Data extracts:
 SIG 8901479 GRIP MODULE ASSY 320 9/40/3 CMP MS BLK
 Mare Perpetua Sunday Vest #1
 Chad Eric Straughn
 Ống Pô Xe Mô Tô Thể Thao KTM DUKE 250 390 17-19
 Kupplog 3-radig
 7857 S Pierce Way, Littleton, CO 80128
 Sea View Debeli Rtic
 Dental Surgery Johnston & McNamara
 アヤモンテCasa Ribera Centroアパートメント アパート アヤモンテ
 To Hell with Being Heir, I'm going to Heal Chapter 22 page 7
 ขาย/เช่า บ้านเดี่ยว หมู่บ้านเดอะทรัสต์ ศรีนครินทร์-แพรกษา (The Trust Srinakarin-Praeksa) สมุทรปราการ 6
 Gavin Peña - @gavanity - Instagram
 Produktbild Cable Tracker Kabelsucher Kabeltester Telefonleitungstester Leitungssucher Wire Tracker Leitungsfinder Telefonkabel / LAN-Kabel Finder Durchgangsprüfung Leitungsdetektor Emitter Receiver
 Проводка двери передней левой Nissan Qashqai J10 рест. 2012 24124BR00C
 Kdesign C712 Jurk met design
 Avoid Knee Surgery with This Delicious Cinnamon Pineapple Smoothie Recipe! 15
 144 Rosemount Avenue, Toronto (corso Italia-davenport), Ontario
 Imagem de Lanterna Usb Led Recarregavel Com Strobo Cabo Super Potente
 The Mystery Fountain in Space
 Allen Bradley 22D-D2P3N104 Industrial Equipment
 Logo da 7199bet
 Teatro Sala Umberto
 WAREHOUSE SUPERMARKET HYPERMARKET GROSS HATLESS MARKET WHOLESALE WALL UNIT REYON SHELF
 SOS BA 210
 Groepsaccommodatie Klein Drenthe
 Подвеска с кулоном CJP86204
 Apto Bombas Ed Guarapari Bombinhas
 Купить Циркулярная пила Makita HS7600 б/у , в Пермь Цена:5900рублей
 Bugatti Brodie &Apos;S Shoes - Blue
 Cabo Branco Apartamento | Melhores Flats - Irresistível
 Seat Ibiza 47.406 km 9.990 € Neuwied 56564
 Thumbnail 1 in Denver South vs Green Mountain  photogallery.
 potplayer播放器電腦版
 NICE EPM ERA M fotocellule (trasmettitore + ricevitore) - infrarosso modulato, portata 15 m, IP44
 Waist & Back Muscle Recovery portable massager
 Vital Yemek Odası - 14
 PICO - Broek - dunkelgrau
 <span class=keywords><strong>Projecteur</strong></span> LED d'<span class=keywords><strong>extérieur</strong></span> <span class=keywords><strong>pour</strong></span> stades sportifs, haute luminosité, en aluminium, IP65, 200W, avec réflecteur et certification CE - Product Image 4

Work order: Can you give every line above again, exactly as written?

Response to the task:
 SIG 8901479 GRIP MODULE ASSY 320 9/40/3 CMP MS BLK
 Mare Perpetua Sunday Vest #1
 Chad Eric Straughn
 Ống Pô Xe Mô Tô Thể Thao KTM DUKE 250 390 17-19
 Kupplog 3-radig
 7857 S Pierce Way, Littleton, CO 80128
 Sea View Debeli Rtic
 Dental Surgery Johnston & McNamara
 アヤモンテCasa Ribera Centroアパートメント アパート アヤモンテ
 To Hell with Being Heir, I'm going to Heal Chapter 22 page 7
 ขาย/เช่า บ้านเดี่ยว หมู่บ้านเดอะทรัสต์ ศรีนครินทร์-แพรกษา (The Trust Srinakarin-Praeksa) สมุทรปราการ 6
 Gavin Peña - @gavanity - Instagram
 Produktbild Cable Tracker Kabelsucher Kabeltester Telefonleitungstester Leitungssucher Wire Tracker Leitungsfinder Telefonkabel / LAN-Kabel Finder Durchgangsprüfung Leitungsdetektor Emitter Receiver
 Проводка двери передней левой Nissan Qashqai J10 рест. 2012 24124BR00C
 Kdesign C712 Jurk met design
 Avoid Knee Surgery with This Delicious Cinnamon Pineapple Smoothie Recipe! 15
 144 Rosemount Avenue, Toronto (corso Italia-davenport), Ontario
 Imagem de Lanterna Usb Led Recarregavel Com Strobo Cabo Super Potente
 The Mystery Fountain in Space
 Allen Bradley 22D-D2P3N104 Industrial Equipment
 Logo da 7199bet
 Teatro Sala Umberto
 WAREHOUSE SUPERMARKET HYPERMARKET GROSS HATLESS MARKET WHOLESALE WALL UNIT REYON SHELF
 SOS BA 210
 Groepsaccommodatie Klein Drenthe
 Подвеска с кулоном CJP86204
 Apto Bombas Ed Guarapari Bombinhas
 Купить Циркулярная пила Makita HS7600 б/у , в Пермь Цена:5900рублей
 Bugatti Brodie &Apos;S Shoes - Blue
 Cabo Branco Apartamento | Melhores Flats - Irresistível
 Seat Ibiza 47.406 km 9.990 € Neuwied 56564
 Thumbnail 1 in Denver South vs Green Mountain  photogallery.
 potplayer播放器電腦版
 NICE EPM ERA M fotocellule (trasmettitore + ricevitore) - infrarosso modulato, portata 15 m, IP44
 Waist & Back Muscle Recovery portable massager
 Vital Yemek Odası - 14
 PICO - Broek - dunkelgrau
 <span class=keywords><strong>Projecteur</strong></span> LED d'<span class=keywords><strong>extérieur</strong></span> <span class=keywords><strong>pour</strong></span> stades sportifs, haute luminosité, en aluminium, IP65, 200W, avec réflecteur et certification CE - Product Image 4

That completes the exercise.